───── RECORDS FOR THIS TASK ─────

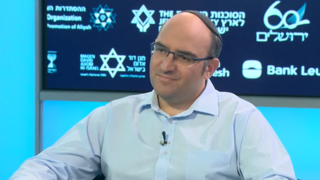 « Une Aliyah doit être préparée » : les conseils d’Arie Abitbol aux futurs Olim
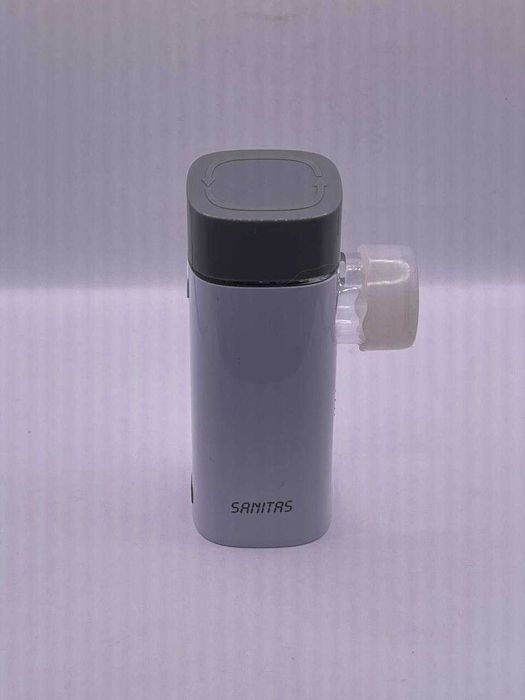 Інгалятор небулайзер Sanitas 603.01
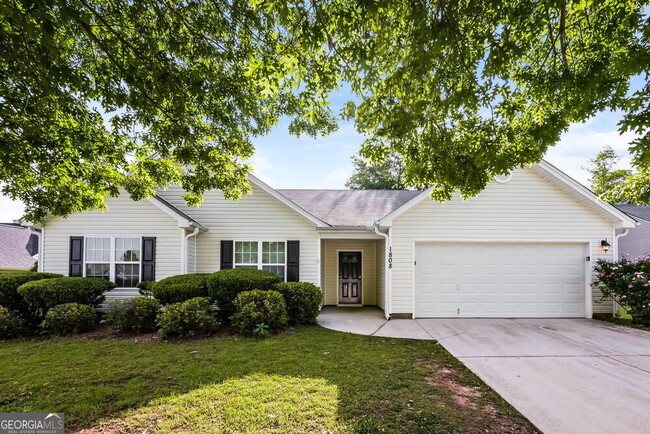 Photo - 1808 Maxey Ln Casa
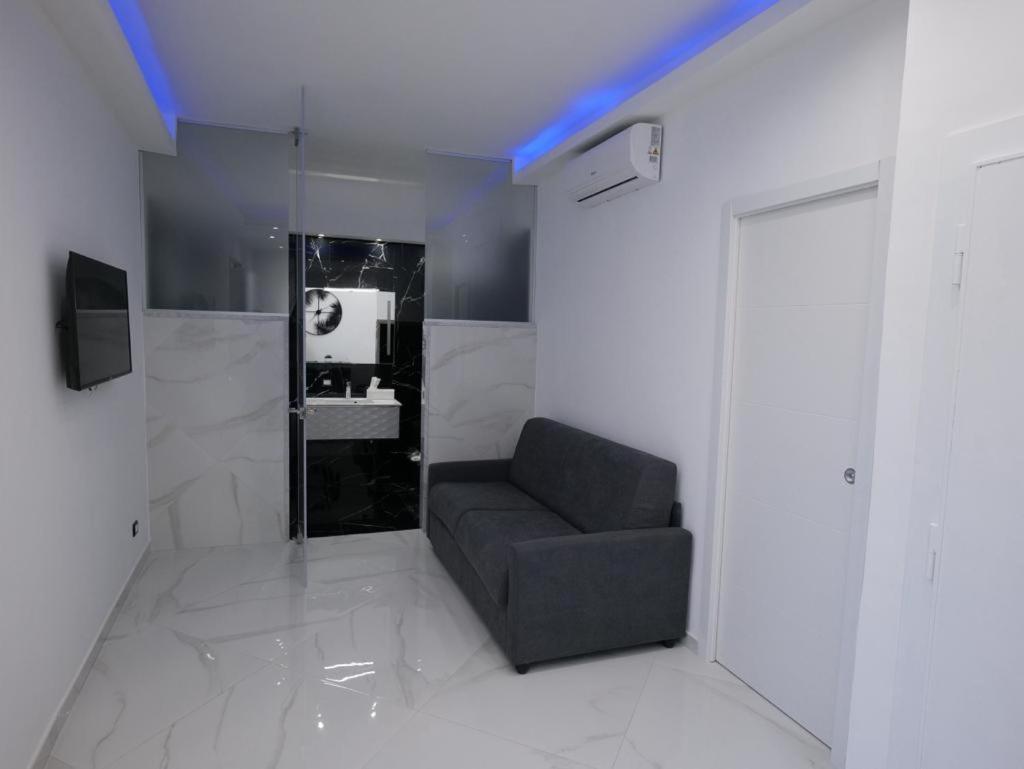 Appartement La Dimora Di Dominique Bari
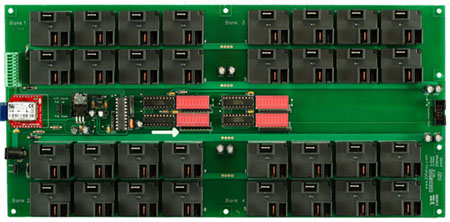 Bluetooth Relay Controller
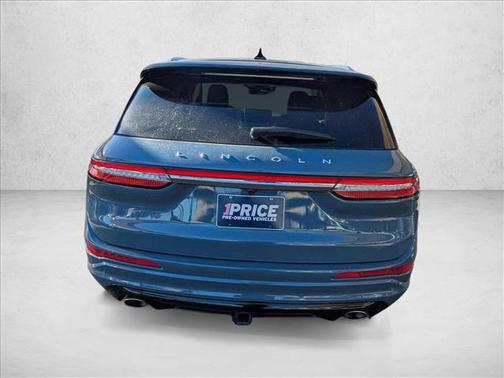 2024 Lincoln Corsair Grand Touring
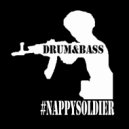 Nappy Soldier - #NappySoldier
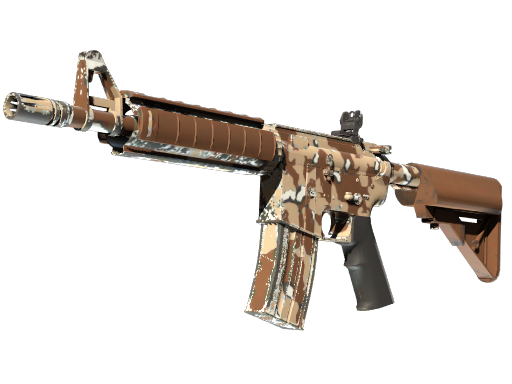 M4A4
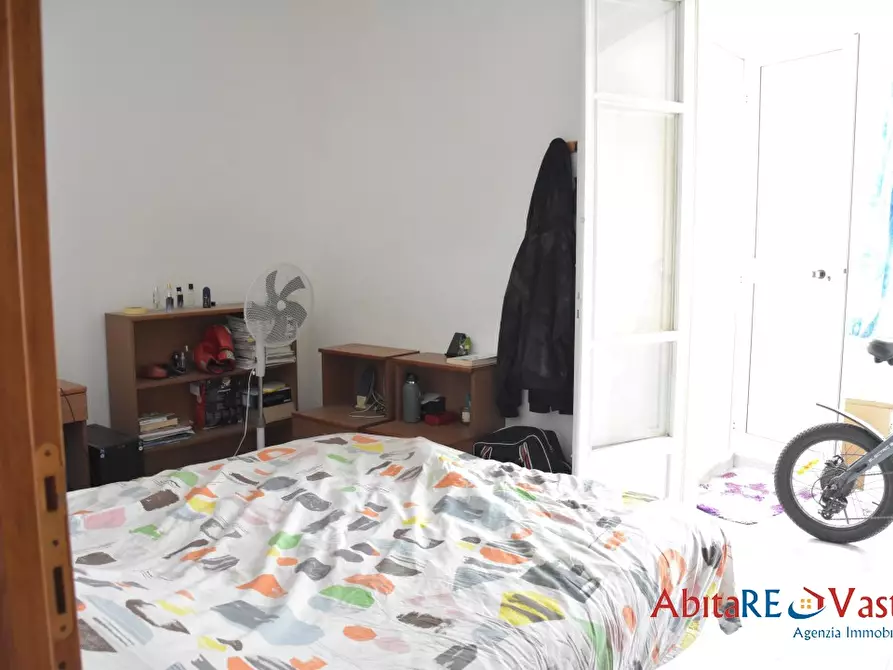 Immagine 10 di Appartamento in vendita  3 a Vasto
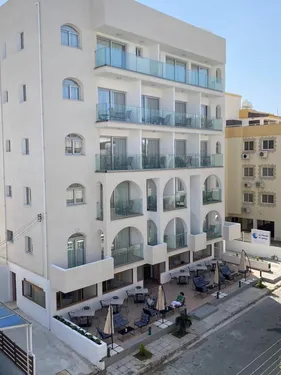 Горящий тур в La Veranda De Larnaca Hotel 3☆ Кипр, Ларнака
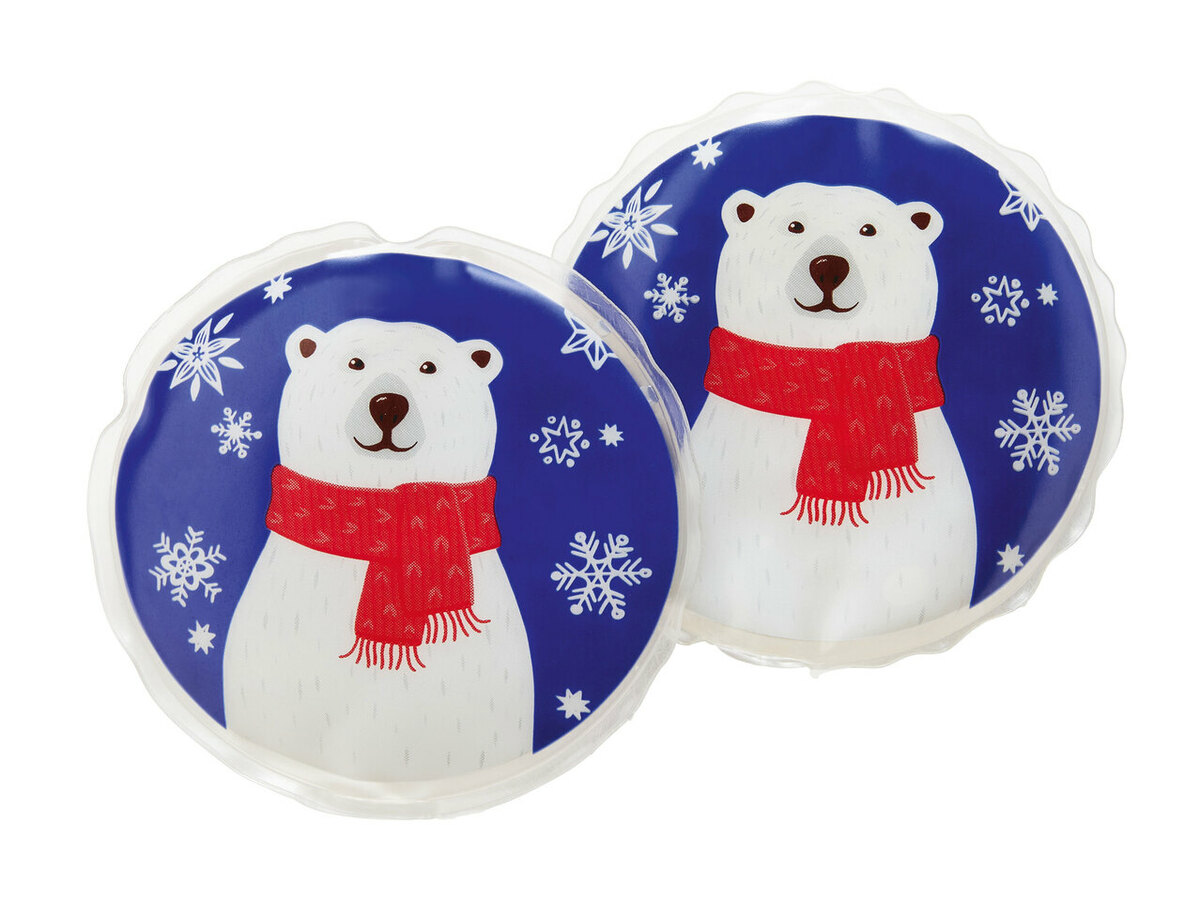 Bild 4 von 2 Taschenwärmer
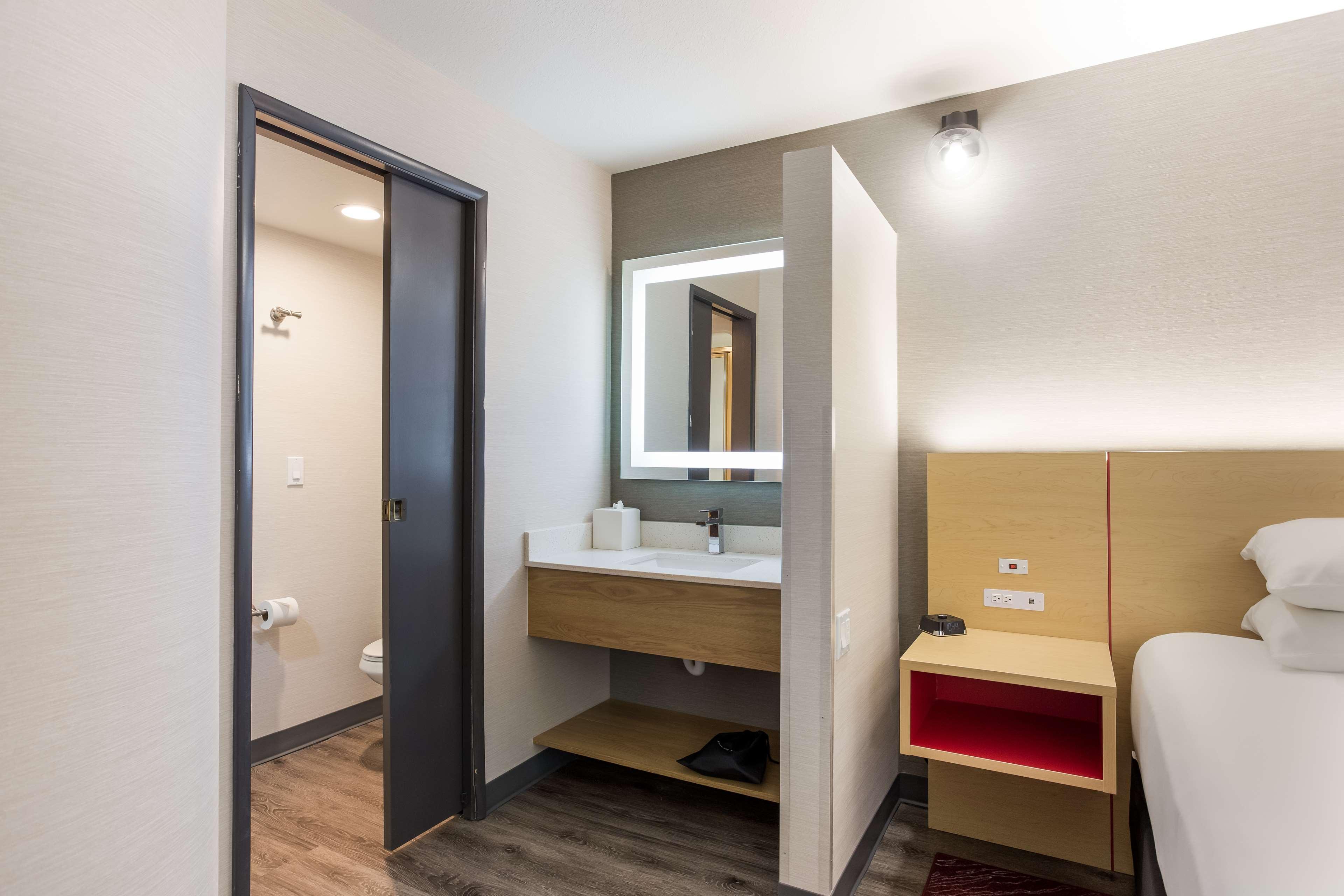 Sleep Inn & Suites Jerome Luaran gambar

─────

*ACTIVITY*. Omit the pictures and write out the lines above from the one with "Appartement La Dimora Di Dominique Bari" through the last, unchanged.

*EXERCISE RESULT*.
 Appartement La Dimora Di Dominique Bari
 Bluetooth Relay Controller
 2024 Lincoln Corsair Grand Touring
 Nappy Soldier - #NappySoldier
 M4A4
 Immagine 10 di Appartamento in vendita  3 a Vasto
 Горящий тур в La Veranda De Larnaca Hotel 3☆ Кипр, Ларнака
 Bild 4 von 2 Taschenwärmer
 Sleep Inn & Suites Jerome Luaran gambar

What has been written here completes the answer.